Um 1900 wurde die Schule zum Problem in der Literatur. Hermann Hesse, Thomas Mann und Robert Musil thematisierten plötzlich die Verwüstungen, die die Schule in den Seelen junger Menschen anrichtet. Schulhorror-Prosa wie „Die Verwirrungen des Zöglings Törless“, „Unterm Rad“, die Episoden mit dem gottgleich strengen Direktor Wulicke in Thomas Manns „Buddenbrooks“ oder Friedrich Torbergs „Der Schüler Gerber“ waren paradoxerweise eine Folge der großen wohlgemeinten Reformen und Modernisierungen des Bildungswesens.
Wenn in Hesses Roman „Unterm Rad“ aus dem Jahre 1906 der hochbegabte Schüler Hans Giebenrath am Ende ertrinkt, dann ja nicht, weil er in der Schule auf Sadisten gestoßen ist, sondern gerade weil es seine vielen Förderer – vom Rektor der Lateinschule über den Stadtpfarrer bis hin zu den Lehrkräften im legendären schwäbischen Seminar Maulbronn – vielleicht ein bisschen zu gut meinten und ihn allzu sehr förderten und forderten. Seine „Hypertrophie der Intelligenz bei einsetzender Degeneration“ ist dem nicht gewachsen.
Als Schulbesuch selbstverständlich war und die Alphabetisierungsraten höher lagen als heute, entdeckte man plötzlich die Schattenseiten des Systems. Der düster getönte Schulroman wurde das literarische Genre der Zeit. Ideologischer Hintergrund solcher Systemkritik waren die Lebensreformbewegung, die danach strebte, Menschen aus allen Korsetten zu befreien. Geschildert wird ein autoritäres System, dessen Sinn die Herrichtung der Schüler zu Untertanen war.

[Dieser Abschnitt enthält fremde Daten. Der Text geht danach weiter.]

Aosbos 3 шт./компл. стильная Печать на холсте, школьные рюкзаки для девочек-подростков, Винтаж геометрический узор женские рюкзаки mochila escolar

Wenn jetzt in vielen Bundesländern die Kinder wieder nach den Ferien zurückkehren oder neu eingeschult werden, maulen sie vielleicht ein wenig. Aber verglichen mit dem, was „Unterm Rad“ schildert, hat sich doch zumindest vordergründig ein fundamentaler Wandel vollzogen. Hesse fasst die damaligen Ansichten durchaus zutreffend zusammen: „Wie ein Urwald gelichtet und gereinigt und gewaltsam eingeschränkt werden muss, so muss die Schule den natürlichen Menschen zerbrechen, besiegen und gewaltsam einschränken; ihre Aufgabe ist es, ihn nach obrigkeitlicherseits gebilligten Grundsätzen zu einem nützlichen Gliede der Gesellschaft zu machen und Eigenschaften in ihm zu wecken, deren völlige Ausbildung alsdann die sorgfältige Zucht der Kaserne krönend beendigt.“ Das würde auch heute kein Lehrer mehr so sagen.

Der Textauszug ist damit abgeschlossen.